The blend of sweetness and sharpness in that image, as in the whole play and in this production, was embodied in Peggy Ashcroft's superlative performance as the Countess of Rossillion. The Countess' bittersweet "remembrances of days foregone" [I. iii. 134], which make her so sympathetic to Helena's love ("This thorn / Doth to our rose of youth rightly belong" [I. iii. 129]) were delivered with a haunting lyrical beauty; and she brought an exquisitely compassionate humor to her scenes with Helena and with Lavatch. After Helena's "Can't no other, / But I your daughter, he must be my brother?" [I. iii. 166] the beautifully timed pause before she replied "Yes, Helen" was so eloquent that she scarcely needed to add "you might be my daughter-in-law" [I. iii. 167]. Both here and in her wry testing of Helena—"This was your motive / For Paris, was it?" [I. iii. 231]—humor and tenderness were inseparable, as so often in Shakespearean comedy. Lavatch's jokes on "O Lord, sir!" [II. ii. 41] may show no great wit, but Peggy Ashcroft took the wish for the deed, laughing and patting Geoffrey Hutchings affectionately. The warm human relationship established here between employer and clown was precisely what was fatally absent from the Stratford King Lear. …

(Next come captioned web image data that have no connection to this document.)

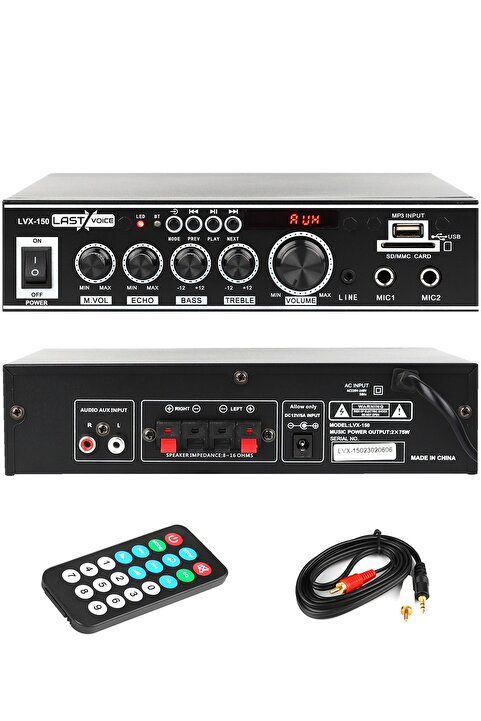 Lastvoice Lvx-150 Stereo Anfi Amfi 2x75 Watt Bluetooth Usb-sd 220v/12v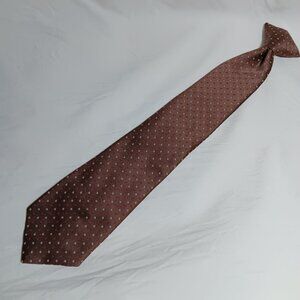 Vintage Brown & Orange Polka Dot Clip-On Tie By Mark Of California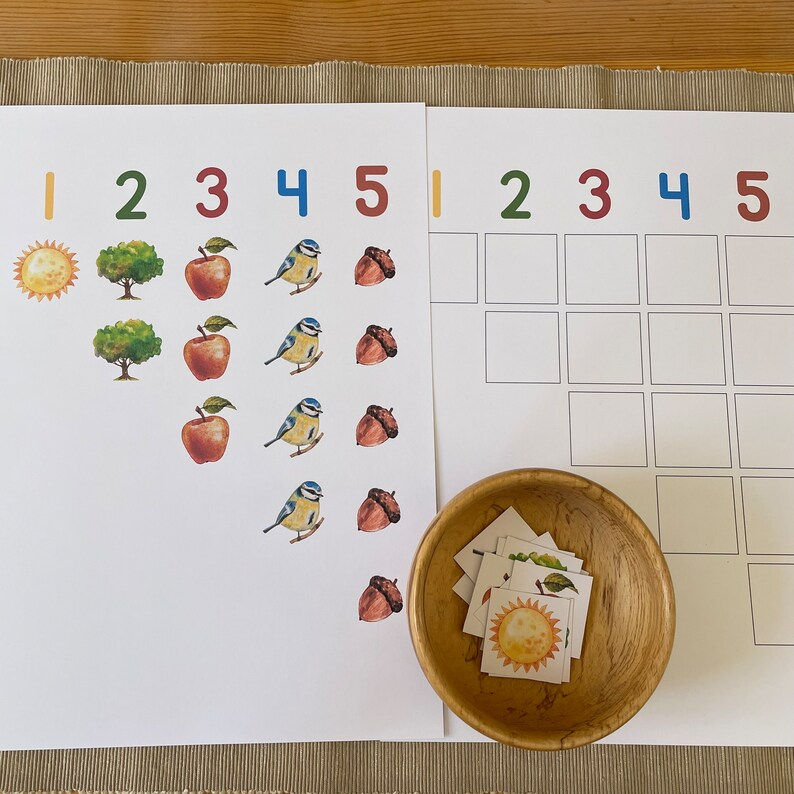 Thumbnail: Montessori toddler printable Counting to 5.  Watercolor Number chart Nature.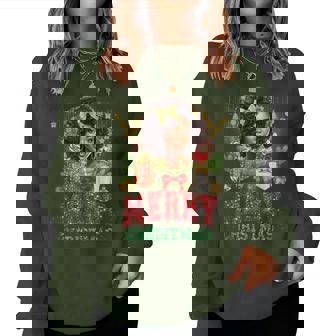 African American Black Proud Merry Christmas Afro Bun Women Sweatshirt | Mazezy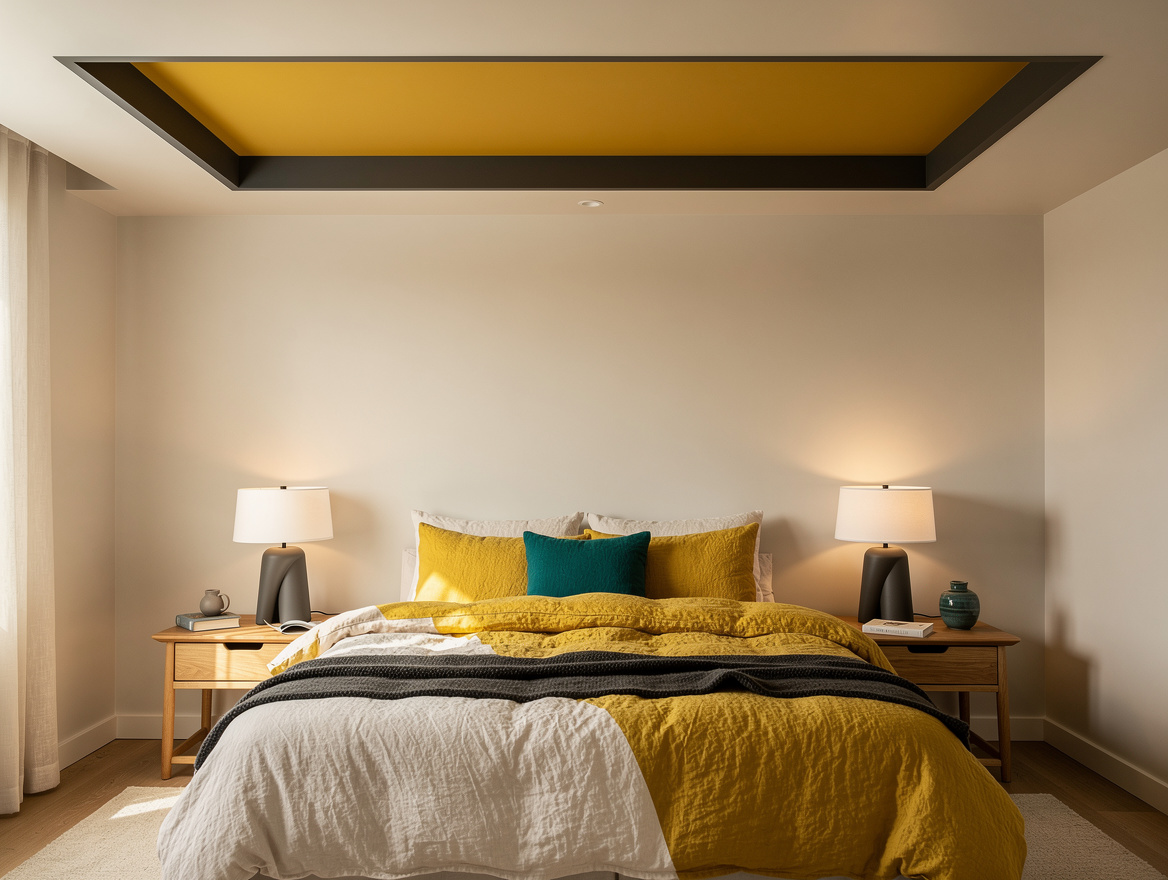 Medium-angle photo of a warm-minimal bedroom with a shallow painted tray ceiling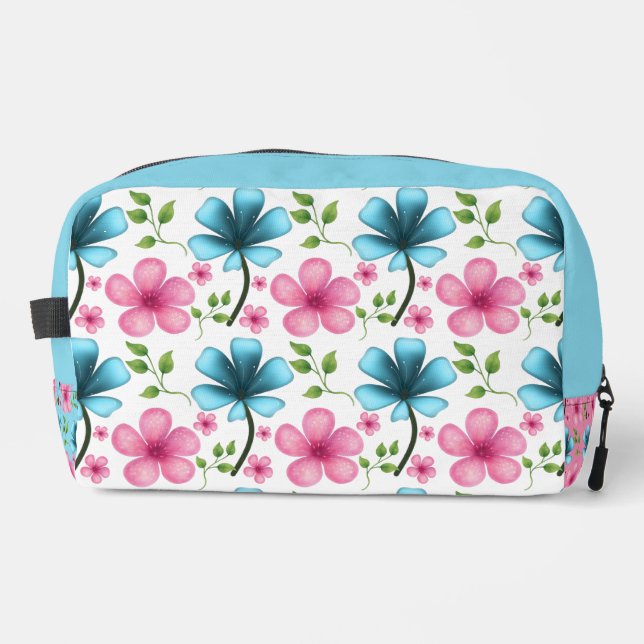 Neceser Patrón floral rosa y azul (Anverso)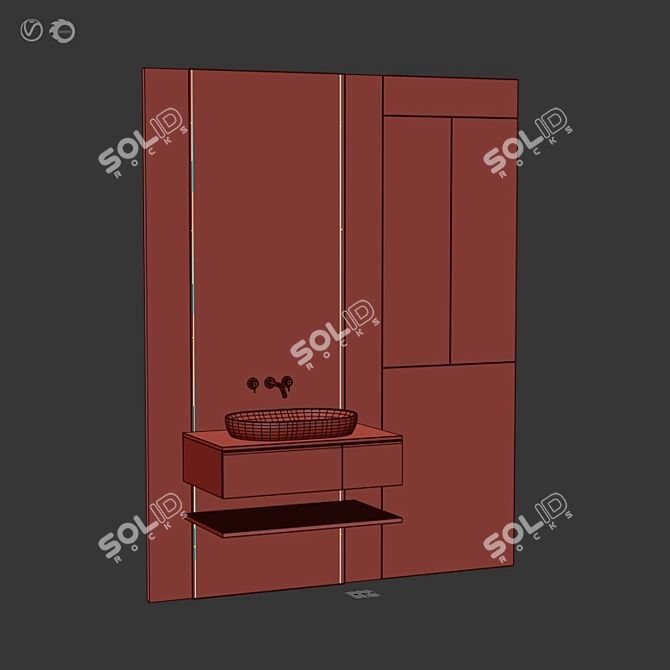 Modern Bathroom Furniture Collection 3D model image 5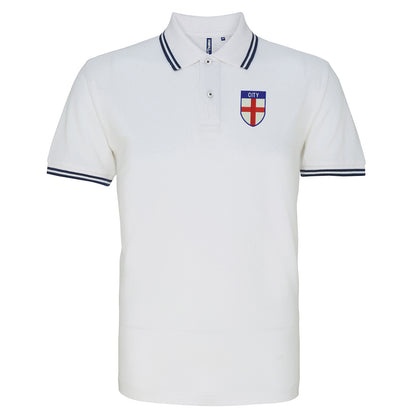 City Flag of England Shield Tipped Embroidered Polo Shirt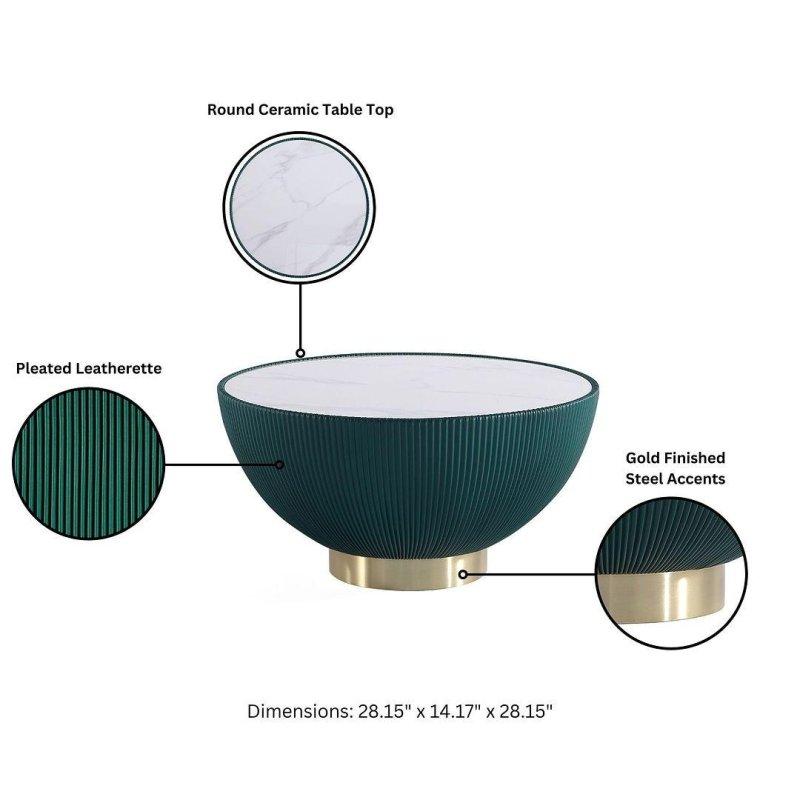 Seramik Mermer Tablalı Pileli Suni Deri Gold Paslanmaz Çelik Yuvarlak Orta Sehpa - 72x36 cm - 243420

The very clarity of this production threw its rare moments of excess into sharp relief, especially the RSC's current fetish for intrusively busy backgrounds. The court gawping in curiosity at the hunchbacked Lavatch, a bevy of parlor-maids giggling, weeping, and finally being ushered out of the room to prevent them from hearing about the young master's peccadillos—these distracted from more important considerations and were a tiresome example of Trevor Nunn's irritating habit of trying to create a "company" feeling artificially by pretending that the minor actors are as important as the major ones.